Here it was. My innate shyness didn’t stand a chance. This was no time for reticence or fear of rejection. This was 653 and a woman who could let me in so I could have the moment with it I didn’t get 23 years earlier.

“Excuse me,” I said after climbing the stairs. “I know this is going to sound strange, but I grew up in this house and…”

“You’re Prince?” she asked sans surprise, as if she’d been expecting me.

So it wasn’t strange. It wasn’t strange at all. Once a 653er, maybe always a 653er. Not only had Prince returned home, but I learned that somewhere between 1991 and 2014, an actual Becker had made one more sojourn. Home wheedles its way into everybody’s subconscious, I guess. Or maybe it was something in the pipes that affected the water we all drank. It didn’t matter. I didn’t have to produce any ID or scoot to my current digs to dig out an old report card. She took my word that I was a full-fledged member of Club 653.

“Do you want to come inside?”

And there I was. Me and my friend, who’d been in the house plenty when we were young but getting inexorably older. He made small talk with the woman. I searched for clues.

Was this really the house that wouldn’t leave my dreams? That I didn’t leave for good until I was 27? That left me when I was 28? The house where I witnessed two World Series being won and who knows how many mundane games being lost? Was this still home or is that sort of thinking nonsense? Would 653 recognize me?

The outside, which I had observed on my periodic walk ‘n’ stalks, had been spiffed up but there was no mistaking it was 653. The inside…that was a different story. This family, the very same one to whom my father sold, had been there a long time. They made their own choices. Lots of choices. Much was different.

It had to be. My mother, the self-styled interior decorator, had her own tastes. They weren’t for everybody. I doubt they were for anybody. I could tell they hadn’t been for these people. I could tell because the woman who let us in more or less said so. She laughed at the memory of the pink cabinets in the kitchen. That was my mother’s call, to match the pink fridge when she went on a painting binge. Little pink cabinets for you and me, apparently, but not for 653’s occupants after 1991.

The kitchen’s tones were more muted and its appliances more modern. Walls had been taken down. Space had been opened up. The living room and dining room were no longer separate entities. The room in the back we occasionally labeled “the den” but was just where all the junk got piled now operated as an actual den.
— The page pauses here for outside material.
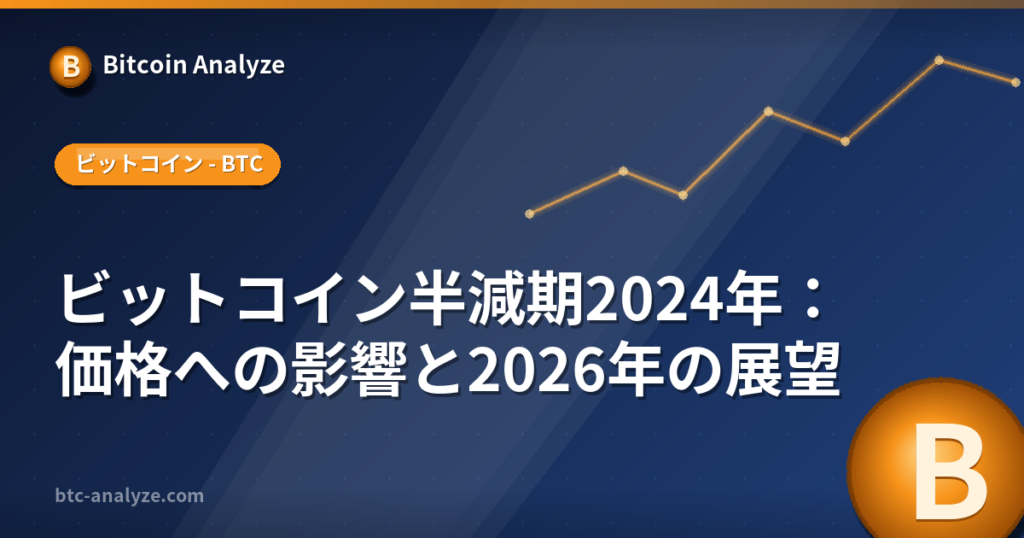 ビットコイン半減期2024年：価格への影響と2026年の展望の解説画像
My friend and I were steered away from the upstairs, site of my room, which seemed appropriate. When the pre-Beckers visited us in the vicinity of 1977, we gave them the full tour. They remembered everything. When they got to my room, they drew a total blank. And now I couldn’t see it. Maybe it never existed except for me. Maybe my childhood, adolescence and deliberately developing adulthood were all figments of my imagination.

We were, however, offered the run of the basement, an area that never fully reached its potential in my day. The woman’s husband was down there, using the space that connected the garage to everything else as an office. I guess they solved the exhaust fumes problem. My friend asked about damage from Sandy (it’s the Long Beach equivalent of “what did you do in the war, Daddy?”). While they compared notes on what was bad and what could’ve been worse, I excused myself to use the basement bathroom. I didn’t need directions. I liked that I knew where things were even if they looked a lot better and therefore not as good in my eyes.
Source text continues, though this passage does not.